O tom da declaração do presidente foi enxergado como mais uma reprimenda ao ministro da Justiça, Sergio Moro. Bolsonaro estava incomodado porque a troca seria feita sem o seu aval e, mais que isso, atropelaria o seu indicado para o posto. Por sugestão de integrantes da ala militar do governo, ele queria colocar na chefia da PF no Rio o delegado Alexandre Silva Saraiva, atual superintendente no Amazonas.
A reação foi imediata na polícia. De pronto, Maurício Valeixo deixou claro que não cederia à pressão política e que cabia a ele, e apenas a ele, definir o nome do novo superintendente. Em conversas reservadas, o diretor-geral lembrou que nem durante a era petista houve uma tentativa tão explícita do Planalto de interferir em assuntos internos da corporação.

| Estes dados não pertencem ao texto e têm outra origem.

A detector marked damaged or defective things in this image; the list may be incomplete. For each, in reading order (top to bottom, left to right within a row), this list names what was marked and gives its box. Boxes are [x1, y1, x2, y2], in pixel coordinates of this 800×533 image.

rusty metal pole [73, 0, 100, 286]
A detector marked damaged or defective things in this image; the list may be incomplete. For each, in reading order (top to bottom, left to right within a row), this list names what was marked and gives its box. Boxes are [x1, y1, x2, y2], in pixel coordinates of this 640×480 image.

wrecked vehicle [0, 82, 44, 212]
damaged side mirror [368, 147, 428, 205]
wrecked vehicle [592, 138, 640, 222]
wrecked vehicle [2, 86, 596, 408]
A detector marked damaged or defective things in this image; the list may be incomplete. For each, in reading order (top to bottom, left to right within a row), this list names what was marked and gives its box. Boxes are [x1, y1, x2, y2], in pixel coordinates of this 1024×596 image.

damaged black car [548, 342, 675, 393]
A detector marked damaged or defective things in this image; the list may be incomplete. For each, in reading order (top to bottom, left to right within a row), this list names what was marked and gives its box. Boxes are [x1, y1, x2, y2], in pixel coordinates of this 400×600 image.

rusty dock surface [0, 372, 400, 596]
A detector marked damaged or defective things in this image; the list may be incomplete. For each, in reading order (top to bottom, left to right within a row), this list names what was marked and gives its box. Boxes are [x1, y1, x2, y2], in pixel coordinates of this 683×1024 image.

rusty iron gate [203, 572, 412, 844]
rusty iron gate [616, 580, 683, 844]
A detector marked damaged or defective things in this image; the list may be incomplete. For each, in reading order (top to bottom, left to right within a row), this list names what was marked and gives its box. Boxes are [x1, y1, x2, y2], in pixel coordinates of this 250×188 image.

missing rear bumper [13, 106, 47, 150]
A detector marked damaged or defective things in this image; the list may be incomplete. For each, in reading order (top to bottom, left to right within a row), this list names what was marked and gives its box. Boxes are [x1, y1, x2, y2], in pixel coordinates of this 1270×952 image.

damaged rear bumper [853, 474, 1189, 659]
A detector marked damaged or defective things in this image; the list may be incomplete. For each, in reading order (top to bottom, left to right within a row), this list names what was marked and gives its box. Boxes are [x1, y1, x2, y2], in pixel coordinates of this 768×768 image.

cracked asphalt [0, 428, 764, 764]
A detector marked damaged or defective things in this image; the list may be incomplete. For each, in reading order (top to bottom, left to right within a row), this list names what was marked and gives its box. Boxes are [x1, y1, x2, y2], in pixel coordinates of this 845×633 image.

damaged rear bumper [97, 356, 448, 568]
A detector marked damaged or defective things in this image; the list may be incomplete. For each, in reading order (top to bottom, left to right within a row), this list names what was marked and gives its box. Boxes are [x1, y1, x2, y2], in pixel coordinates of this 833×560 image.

Também disse que se a PF cedesse no caso do Rio, abriria a porteira para outras interferências em Brasília e no restante do país.
Repetindo que não tem apego ao cargo, mas que precisava sair em defesa da instituição, Valeixo fez o que poucos têm feito no atual governo: pagou para ver. Para marcar posição contra o “quem manda sou eu” de Bolsonaro, divulgou uma nota anunciando o nome do delegado que havia escolhido para o Rio. Enquanto isso, dentro de casa, se mexeu para mostrar ao Planalto que as consequências seriam graves se o presidente insistisse em empurrar goela abaixo o nome de Alexandre Saraiva. Estava tudo encaminhado para que, se isso acontecesse, o próprio Valeixo e a maioria dos superintendentes da PF nos estados entregassem seus cargos. Seria um escândalo.
Deu certo. Bolsonaro recuou. Em uma nova declaração a jornalistas, o presidente afirmou que não haveria problema se o chefe no Rio fosse o escolhido da cúpula da PF. “Tanto faz para mim. Eu sugeri o de Manaus e se vier o de Pernambuco não tem problema, não”, declarou. Maurício Valeixo não perdeu tempo: anunciou que o novo superintendente será Carlos Henrique Sousa, o seu escolhido, e não Alexandre Saraiva, o preferido do presidente e de militares do Planalto. Se não houver uma nova ofensiva de Bolsonaro, a nomeação deverá sair nas próximas semanas.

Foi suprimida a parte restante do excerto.